For Innovation Day, Malachi Anderson proposed a gaming system that gets its energy from the sun. (CONTRIBUTED)
For Innovation Day, Malachi Anderson proposed a gaming system that gets its energy from the sun. (CONTRIBUTED)
"Shampoof" was sixth-grader Evan Baker's concept for a new product at Madison Elementary School's Innovation Day. (CONTRIBUTED)
“Shampoof” was sixth-grader Evan Baker’s concept for a new product at Madison Elementary School’s Innovation Day. (CONTRIBUTED)

MADISON – Discarding typical classroom limitations, sixth-graders followed their zealous ideas for the premiere Innovation Day at Madison Elementary School.

The idea started when Bonnie Howard attended Educator Space Academy. “Rocket Boys” author Homer Hickam spoke about his trail-and-error mishaps with rocket design, and said, “I didn’t know I needed math until I fell in love with rockets.”

Howard adapted Hickam’s thought: “What could we learn from our students if we gave them autonomy to research things they’re passionate about … develop new ideas based on their research?”

Howard shared her innovation idea with principal Melissa Mims, who supported the concept. Innovation Day resulted from collaboration among Mims and sixth-grade teachers Howard, Meredith Brewer, Shannon Lilienthal and Laura Ruffin.
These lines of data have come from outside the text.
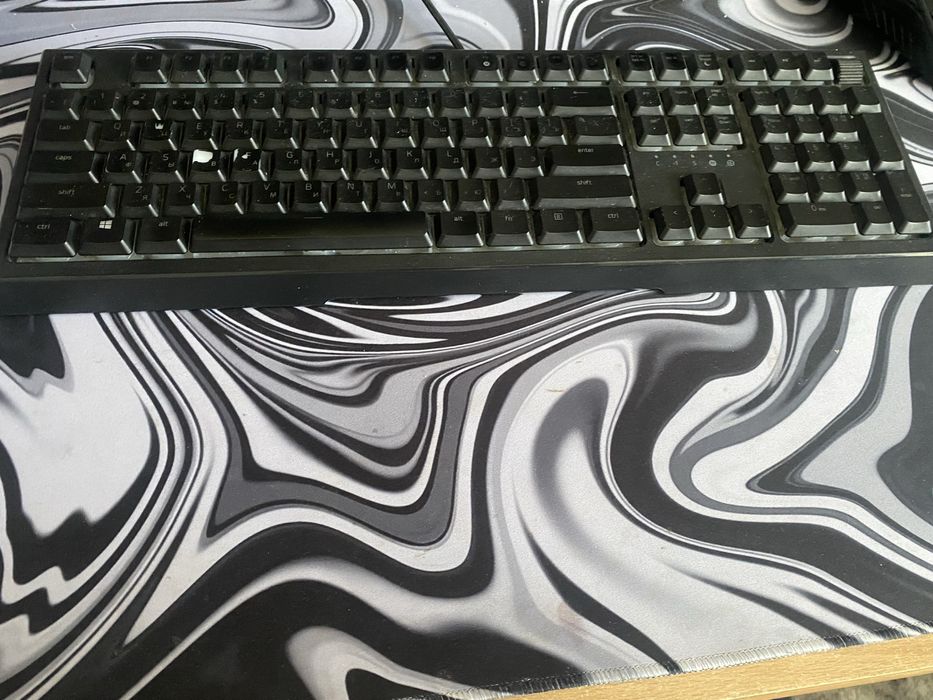 Продам клавіатуру Razer ORNATA v2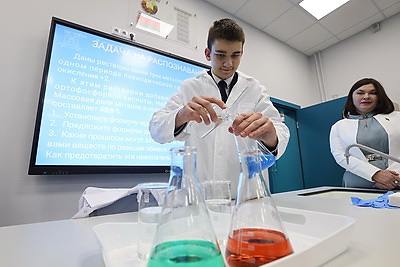 Лаборатория химического анализа и обучения открылась в Лицее им. Ф.Э.Дзержинского БГУ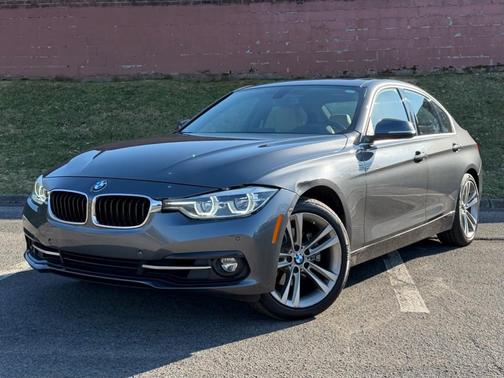 2018 BMW 330 i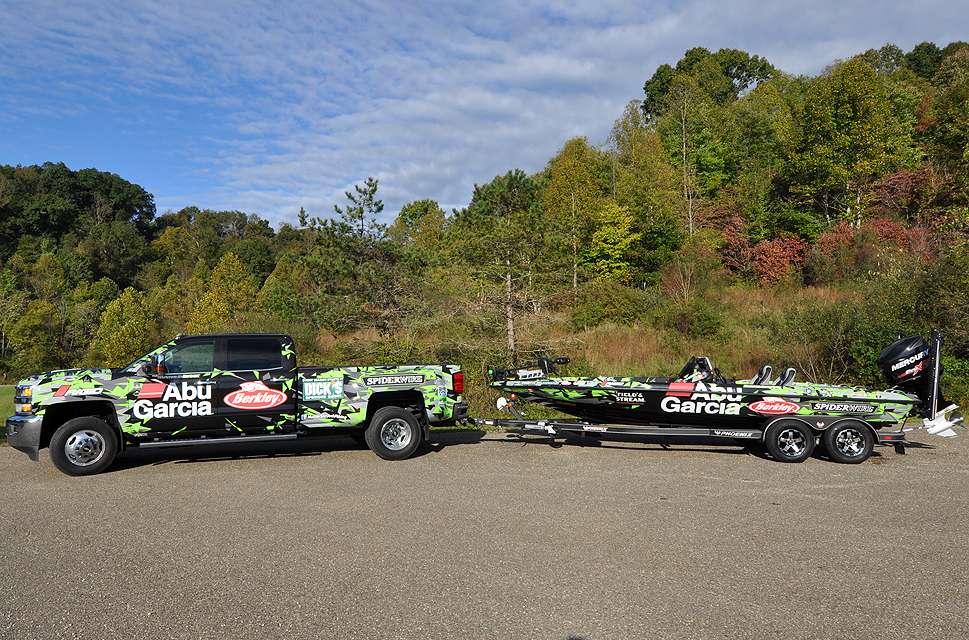 When Ohio Bassmaster Elite Series pro Hunter Shryock tows his tournament rig down the highway, his color-coordinated truck and boat are irresistible eye candy.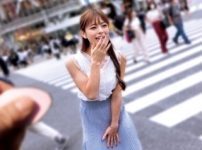 〖素人ﾅﾝﾊﾟ〗こんな所でスイッチ入れちゃダメだってばぁ～　羞恥プレイで大興奮　パイパン生嵌め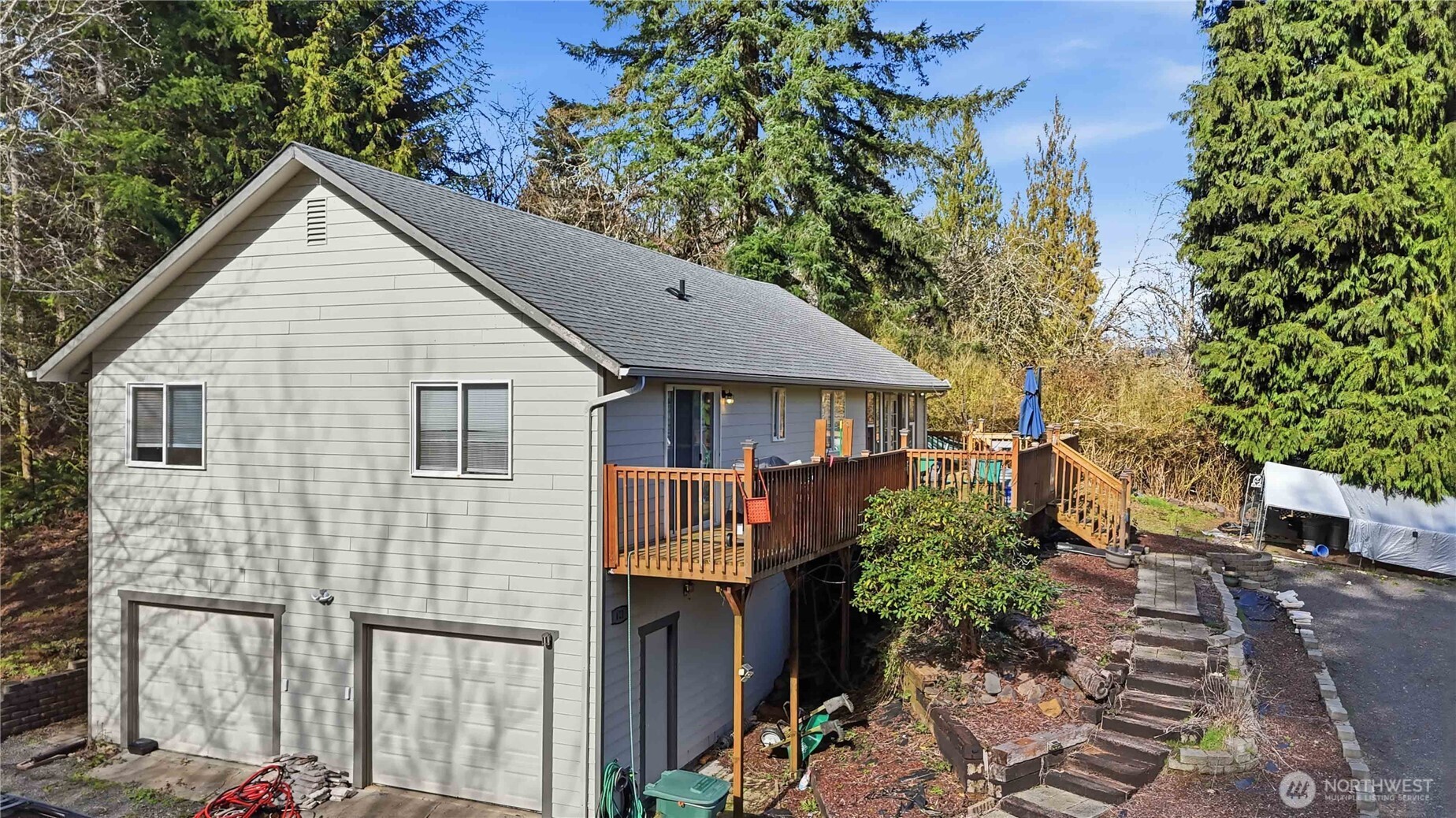 421 McAdams Road E, Longview, WA 98632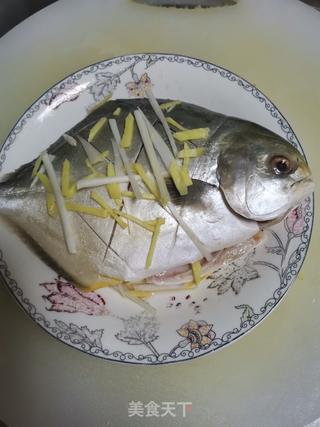 清蒸鲳鱼的做法步骤:3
By discovering students’ true interests, teachers can then introduce students STEAM (science, technology, engineering, art and math) connections, Howard said.

Sixth-graders worked for six weeks. Based on their research, they developed independent projects to “try something new,” Howard said. Their display boards showcased new ideas or new products.

Projects included “Shampoof,” a new shampoo for ‘bigger’ hair; a solar-powered video-gaming system; and a roof design to shake off volcanic ash.

Other grades visited individual presenters in the library. “It was awe-inspiring to see independent projects that students developed and watch them share their enthusiasm,” Howard said.

More than 100 parents and other visitors, including school board members Dr. Terri Johnson and David Hergenroeder and Madison County Commission Chairman Dale Strong, reviewed the projects.

“I was absolutely blown away when (the sixth-graders) shared their final products,” Howard said. Teachers will use what they learned from each student to drive and incorporate concepts into classroom lessons.

Innovation Day also allowed the students “to experience and practice college- and career-ready, 21st-century skills like collaboration, technology integration and presentation and make STEAM connections,” she said.

Student reflections were overwhelmingly positive about the entire event. Student Adaeze Okafor said Innovation Day “was exciting and fun. I never had the opportunity to talk to people about what I love before. I had a great time.”